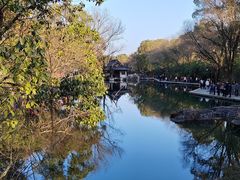 -柯岩风景区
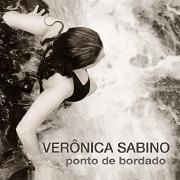 V da Vibe: Ponto de Bordado}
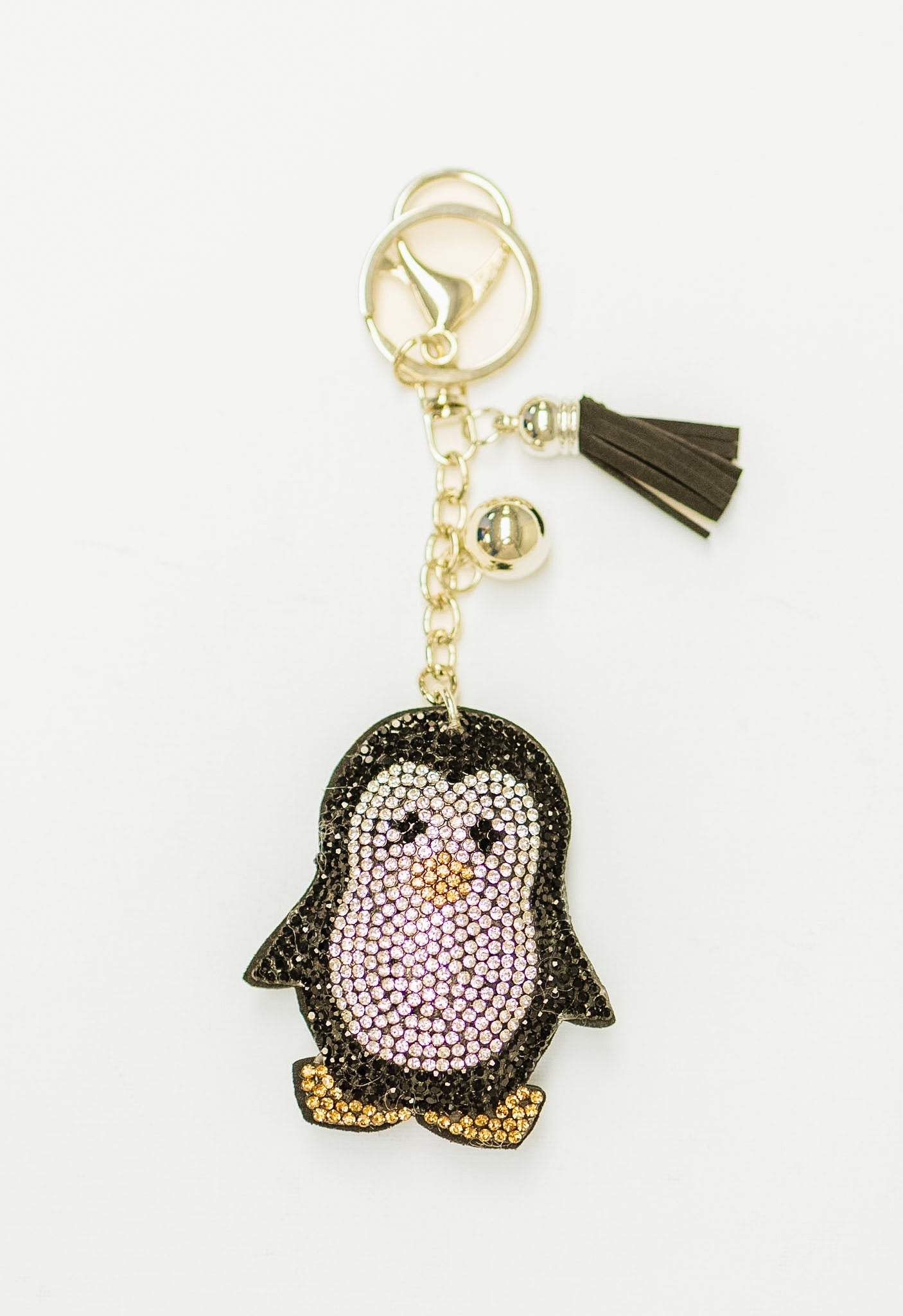 Penguin Animal Charm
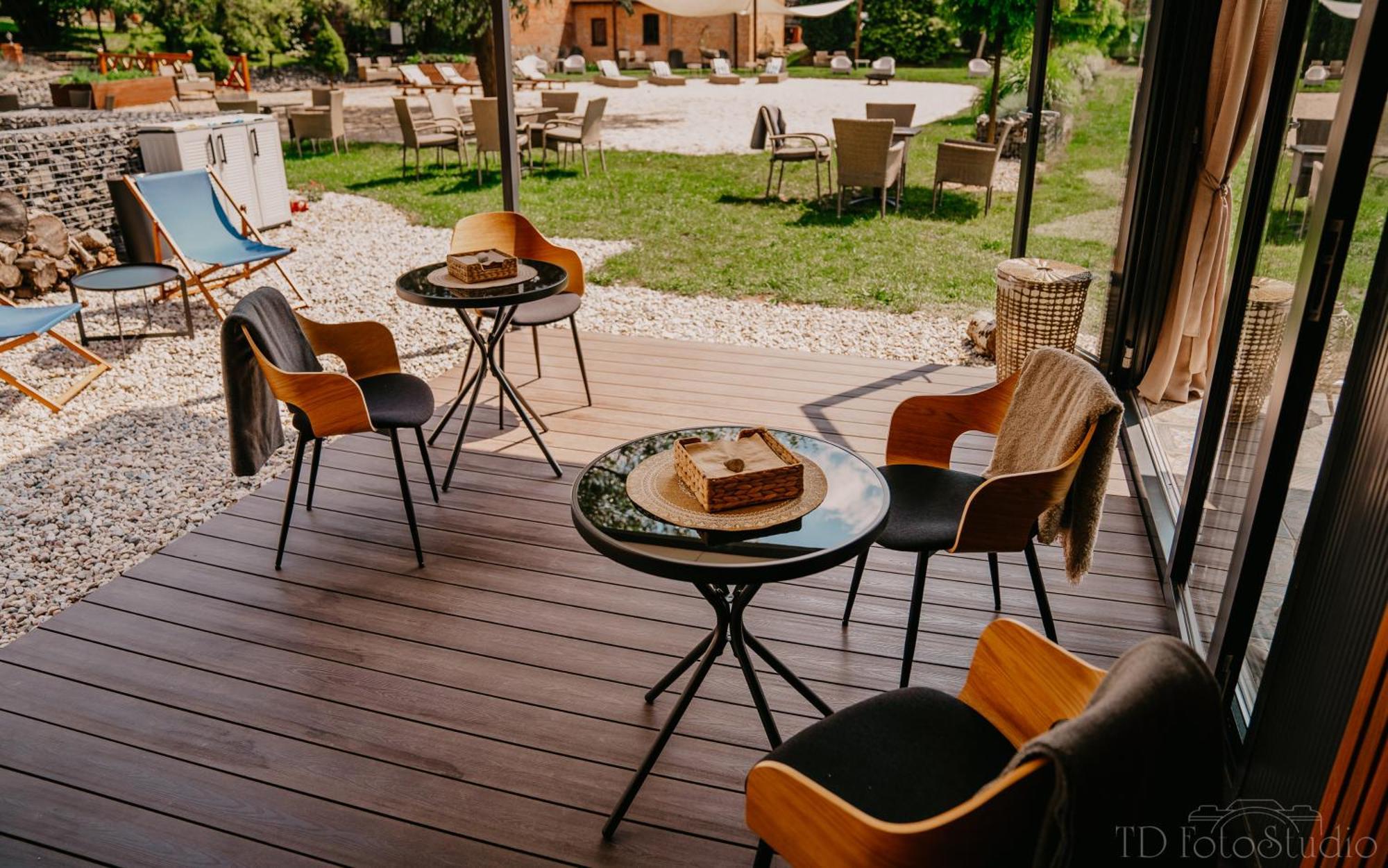 Stary Mlyn W Brzeznicy Villa Brzeznica  Dış mekan fotoğraf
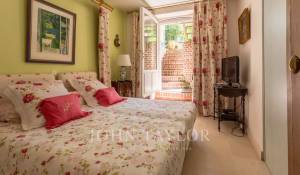 Vente Hôtel particulier Deauville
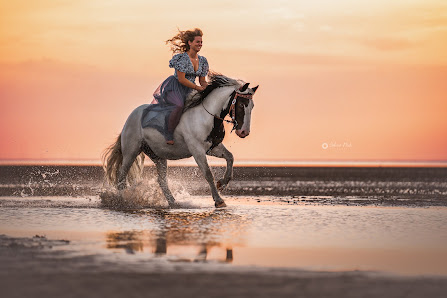 Sabine Klich - Fotografie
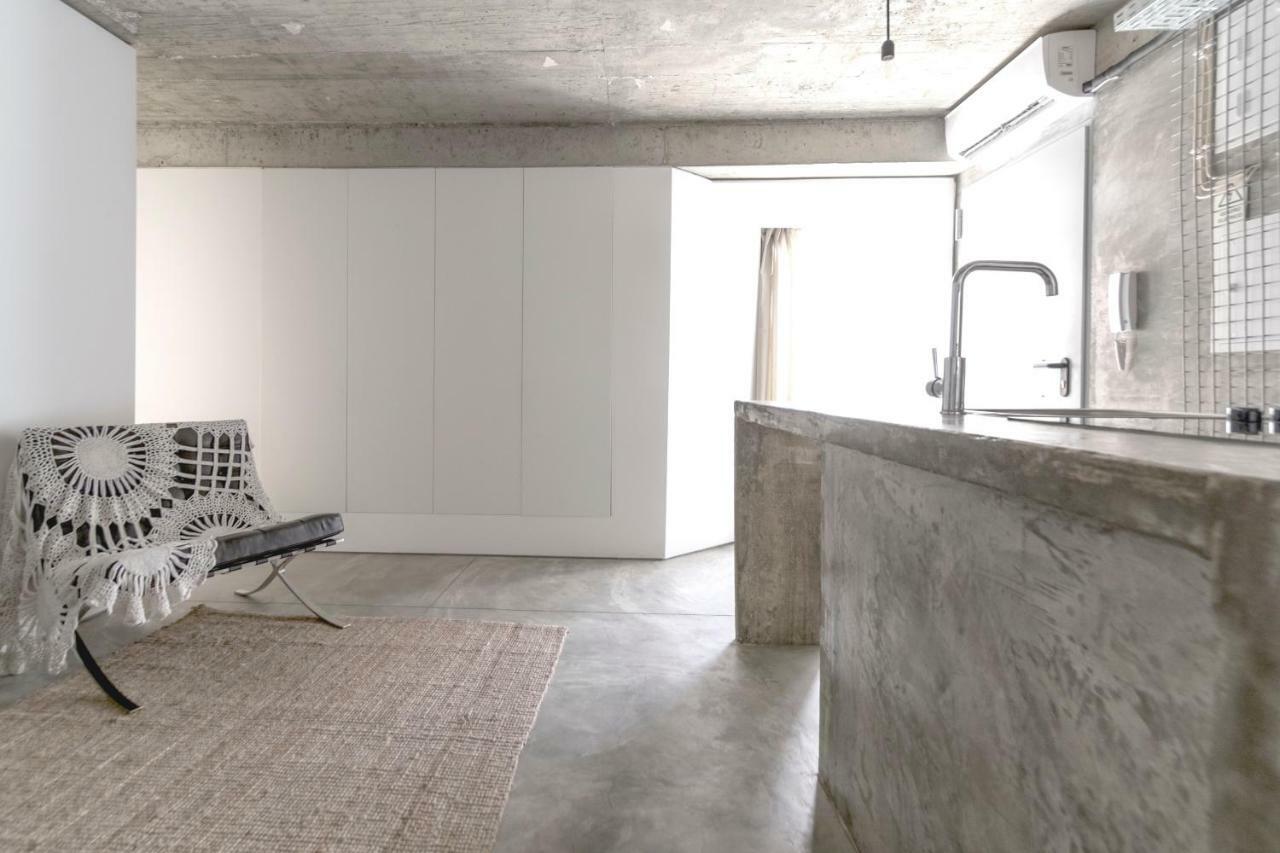 Fran Pacheco 39 Apartment Setubal Luaran gambar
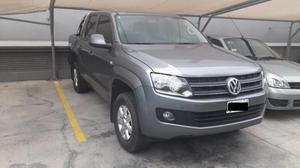 AMAROK  TRENDLINE 4xCV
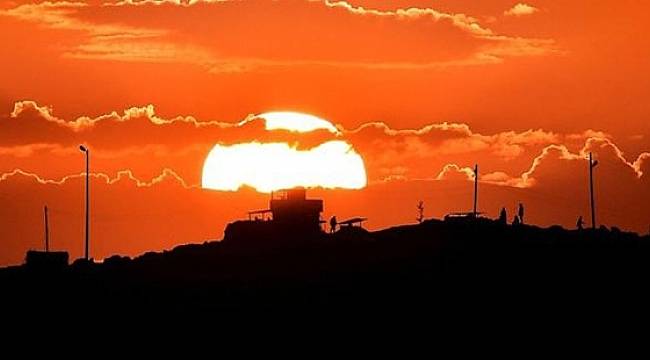 Financial Times: IŞİD'in çöküşü Suriye'de daha tehlikeli bir dönem başlatabilir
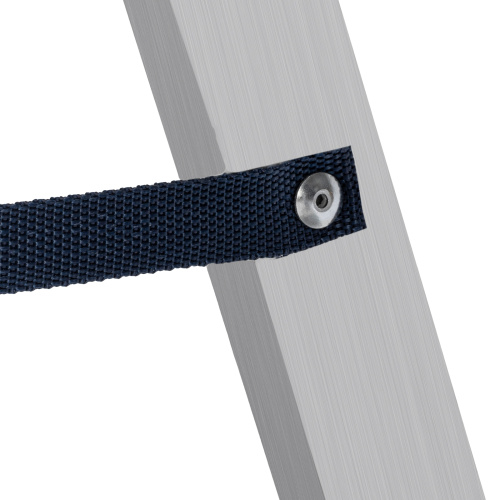 Стремянка двусторонняя 5 ступеней, алюминиевая, Сибртех по ценам производителя в Челябинске с доставкой по всей России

-- PROBLEM DESCRIPTION --
Please write out exactly the lines from the one holding "Vente Hôtel particulier Deauville" through the last line of the material above, both included, as a copy without pictures.

-- ANSWER TO THE PROBLEM --
 Vente Hôtel particulier Deauville
 Sabine Klich - Fotografie
 Fran Pacheco 39 Apartment Setubal Luaran gambar
 AMAROK  TRENDLINE 4xCV
 Financial Times: IŞİD'in çöküşü Suriye'de daha tehlikeli bir dönem başlatabilir
 Стремянка двусторонняя 5 ступеней, алюминиевая, Сибртех по ценам производителя в Челябинске с доставкой по всей России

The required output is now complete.